Camilla Iftakhar, the co-founder of LEVA-EU member Swifty Scooters, examines the road-legal status of electric scooters under UK law

In short, there are paradoxes around the status of privately-owned electric scooters in the UK. Camilla Iftakhar points out that it is “legal to buy an electric scooter, it’s legal to sell an electric scooter, but it’s not yet legal to ride an electric scooter on the road (unless it is a rented one covered by e-scooter trials).”  The law also allows the use of electric scooters on privately-owned land.

Camilla points out that electric scooters are currently classed as a ‘motor vehicle’ but are commonly designed to align with cycles. Motor vehicles require a number plate, tax, MOT, insurance and a driving license, under UK law.

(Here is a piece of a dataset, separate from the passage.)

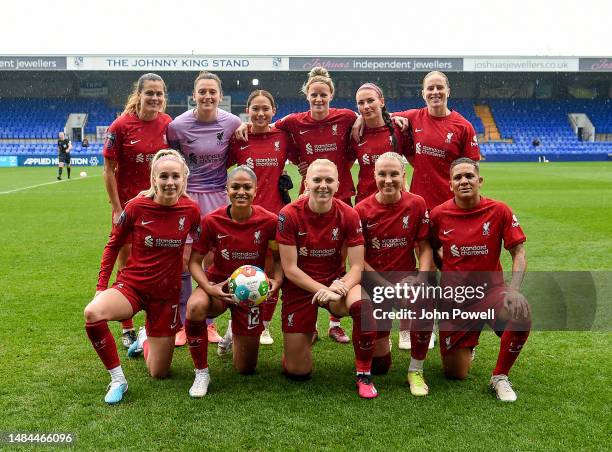 Liverpool FC women line up for a team photograph holding a SDG ball before the FA Women's Super League match between Liverpool and Brighton & Hove...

With numerous changes to personnel at the top level of UK politics in the last few years, it seems that a promising Future Transport Bill which was announced in the 2022 Queen’s Speech has fallen by the wayside. This bill had been set to create a new vehicle class for electric scooters. However in the King’s Speech the following year, the Future Transport Bill was replaced by the Automated Vehicle Bill, leaving electric scooters falling into the gap.

Camilla points out that light electric vehicles, including electric scooters, have great potential in the fight for emissions reduction. Research results published in the 2022 LEV Climate Study reveal that a shift to LEVs for short trips, from ICE cars and EVs, results in a substantial potential emissions reduction of 44%.

Camilla has noticed other items which may result in changes to the way electric scooters are legally viewed. These include a proposal that they are viewed as “cycles” in the Road Traffic Offenses (Cycling) Bill, and a consultation, Smarter regulation: proposed changes to legislation for electrically assisted pedal cycles, which proposes that EAPCs (e-bikes) could have an increased motor power limit, from 250W to 500W. As most electric scooters have a 350W or 500W motor, Camilla speculates that this could be in preparation for e-scooter rules, however it is not clear whether that is part of the consideration behind the consultation.

Camilla concludes on an optimistic note: “Let’s hope that the new government have the foresight to include these clean, inclusive, equitable and joyful vehicles in their manifesto!”